Commencing with Group 1, we identified 23 individual papers with a mean coverage of 6.64 and a GCS of 7.48. It is to be underlined the certain papers, such as Li's (2023) paper on gastroenterology and ChatGTP was so prevalent that it was included in multiple clusters of themes. This group included two papers that we were not able to access in full-text version and they were not included in the discussion (%validity = 91.3). (Table 3)
Papers Included in the Risks, Ethics, and Challenges Group (Only First Author Mentioned) (Group 1) (Own Edit).
Group 2, which is titled Practical Applications and ChatGPT as a Research Assistant consisted of 8 documents. Both the mean coverage (9.125) and the mean GCS (10.125) were higher than in Group 1. We were able to access 7 out of 8 papers in full version (%validity = 88). (Table 4)
Papers Included in the Practical Applications and ChatGPT as a Research Assistant Group (Only First Author Mentioned) (Group 2) (Own Edit).
Group 3, consisting of 4 smaller clusters is titled Innovation and Scholarly Integration, and includes papers on the proficiency of AI chatbots (Lozić & Štular, 2023), stylistic features, and a segment on educational purposes which are closely related to innovative ways of transforming writing with ChatGPT (see Zhao et al., 2024). This group consisted is of 8 papers and had the both the highest mean Coverage (18.9) and mean GCS (12.5). Only one paper was inaccessible and, therefore, not included in the discussion (%validity = 87.5). (Table 5)

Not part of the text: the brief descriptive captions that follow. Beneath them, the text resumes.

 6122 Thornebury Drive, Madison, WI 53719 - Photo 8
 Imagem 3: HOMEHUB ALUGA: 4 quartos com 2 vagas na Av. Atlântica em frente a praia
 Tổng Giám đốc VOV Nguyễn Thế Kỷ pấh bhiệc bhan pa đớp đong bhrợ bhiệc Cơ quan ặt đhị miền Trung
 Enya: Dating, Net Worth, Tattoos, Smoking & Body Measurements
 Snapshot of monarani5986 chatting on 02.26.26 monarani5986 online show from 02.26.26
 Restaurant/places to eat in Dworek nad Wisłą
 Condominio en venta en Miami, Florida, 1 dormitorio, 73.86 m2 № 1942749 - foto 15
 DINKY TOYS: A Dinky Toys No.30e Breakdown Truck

Papers Included in the Innovation and Scholarly Integration Group (Only First Author Mentioned) (Group 3) (Own Edit).
Discussion
The findings of our study reveal a rich but also rather fragmented discourse around ChatGPT in academic writing. The fragmentation emerges partly from ChatGPT's practical potential and ethical complexity but also from the different sectoral angles on the issue of implementing such tools in Academia. Having applied a DCA, we were able to identify three major thematic groups: (1) risks, ethics, and challenges; (2) practical applications and the role of ChatGPT as a research assistant; and (3) innovation and scholarly integration. These groupings were chosen based on descriptive findings stemming from citation frequency and also because they reflect the most salient tensions and controversial issues in the academic discourse: the growing concerns over integrity and authorship, the rapid adoption of ChatGPT as a functional tool, and its potential to reshape scholarly writing and education. The present discussion synthesizes these clusters to articulate broader implications for academic practice, institutional policy, and future research, moving beyond descriptive analysis to offer a critical assessment of where the field is heading.

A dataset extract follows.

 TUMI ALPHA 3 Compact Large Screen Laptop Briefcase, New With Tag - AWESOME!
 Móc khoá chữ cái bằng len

Risks, Ethics, and Challenges
As a general observation, a vast majority of papers, as AI language models seem to expand at an exponential rate and their capabilities tend to develop at an unprecedented tempo, significant polemics and dilemmas arise in terms of how academic writing and knowledge production will change (Alberth, 2023; Carnino et al., 2024; Frosolini et al., 2023; Li, 2023a; Nazarovets & Da Silva, 2024; Popkov & Barrett, 2024). The papers included in this group heavily accentuate these issues in the specific segment of medicine and healthcare (Eppler et al., 2023; Fatima et al., 2024; Flitcroft et al., 2024; Labouchère & Raffoul, 2024; Lawrence et al., 2024; Liu et al., 2024; Pan & Florian-Rodriguez, 2024; Popkov & Barrett, 2024; Wang et al., 2024) and were almost exclusively empirical papers with very few theoretical research.

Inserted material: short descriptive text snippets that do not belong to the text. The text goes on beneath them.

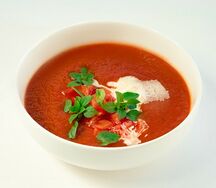 Крем-суп из томатов со страчателлой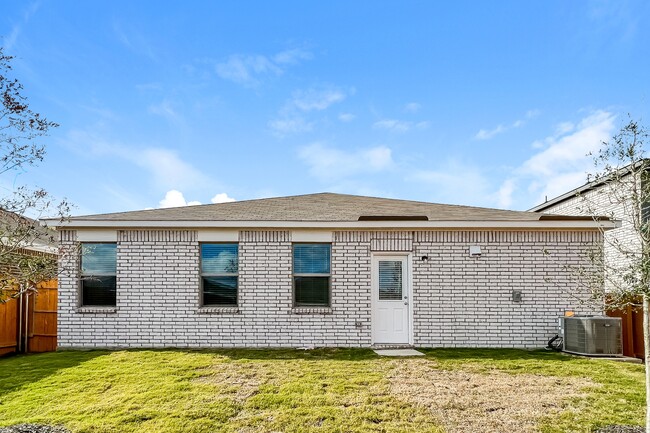 Building Photo - Seagoville Farms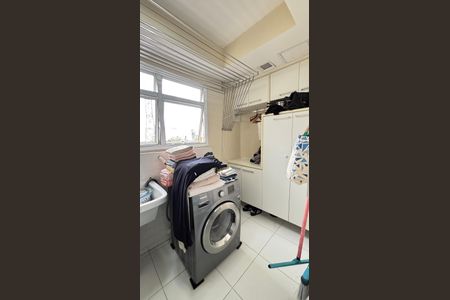 Apartamento para alugar com 100m², 2 quartos e 2 vagas Apartamento para alugar com 100m², 2 quartos e 2 vagasÁrea de Serviço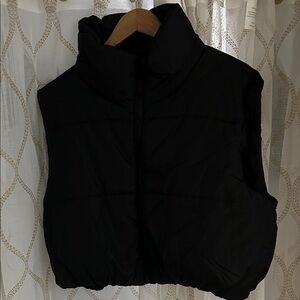 Jr. XL Black Puffer Vest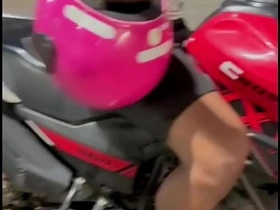 ENTREGADOR SUBIU PRA BEBER AGUA E OFERECI MEU CUZINHO PRA ELE asian powered gay sex videos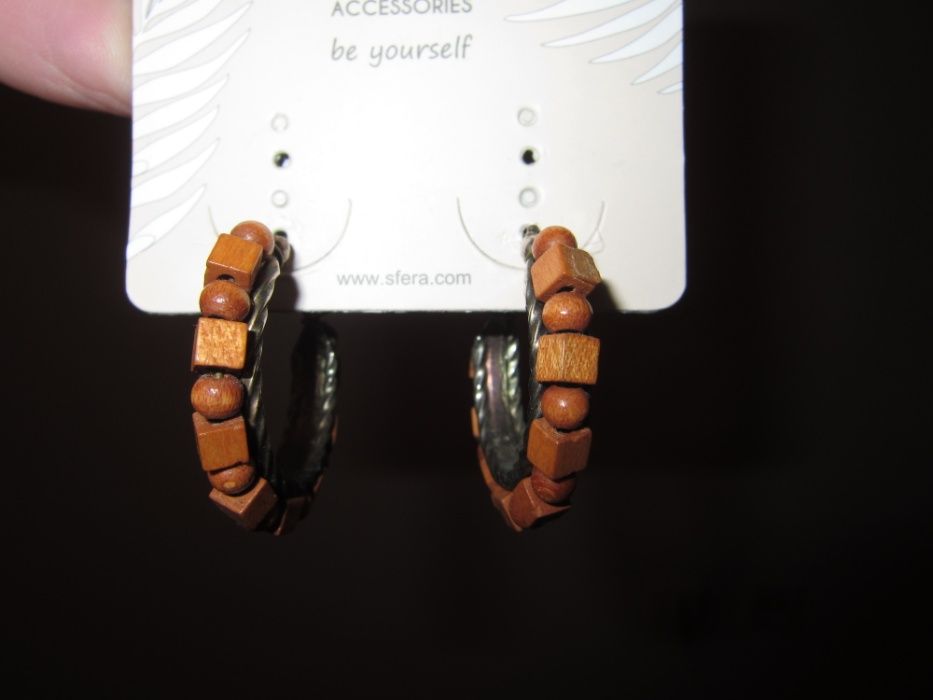 Argolas Prateadas com pecinhas castanhas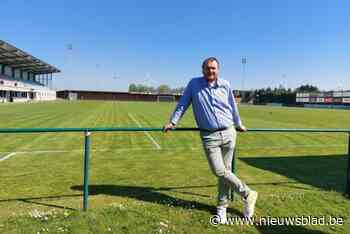 Onveilige lichtmasten op voetbalterreinen moeten “met spoed” weg: “Bij hevige wind zouden we stadion moeten afsluiten”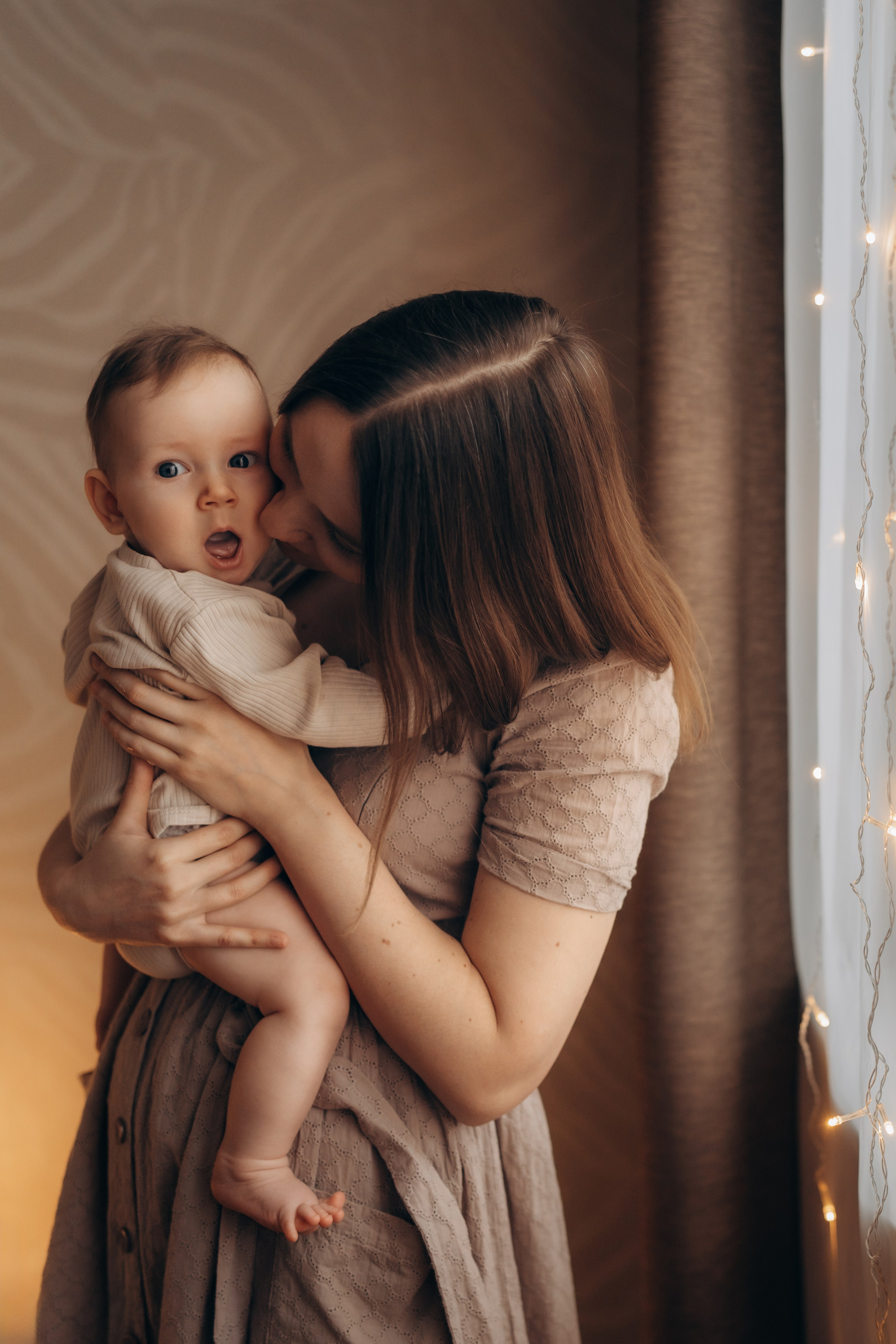 Домашняя фотосессия мамы и дочки. Детский, семейный и ньюборн фотограф в Москве Юлия Шуарт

As for risks, hallucinations are of critical importance, particularly hallucinated references and academic work as well as completely fabricated data used for empirical purposes. Frosolini et al. (2023) and Albuck et al. (2024) tested different versions of ChatGPT and found a great tendency to generate incomplete, erroneous, or nonexistent references, raising concerns about the tool's reliability in scientific writing. Generating corpus is no exception of the above polemic; texts created with AI display a high error rate from a factual aspect which questions its use in certain research areas such as bibliometric analyses (Farhat et al., 2023)—though AlSagri et al.'s (2024) more recent research shows improvements in the latter area, especially in terms of ChatGPT's potential in literature reviews. Quality-wise, it can also be underlined that AI-generated texts are usually of lesser quality and comprehensiveness, however, it is also worth accentuating that it is becoming harder to differentiate between AI-generated and human written texts (Lawrence et al., 2024). Labouchère and Raffoul (2024) in this regard also emphasize the “superficial” statements generated by LLMs (ChatGPT and Bard) which cause concerns on the accuracy of research and the compromise of quality for the sake of productivity. In view of Carnino et al.'s (2024) findings, who noted the rapid increase in AI-generated or AI-assisted research and the positive attitude of researchers in certain segments to include Ai in research more (Eppler et al., 2023), these risks will undoubtedly be significant in research in the coming years.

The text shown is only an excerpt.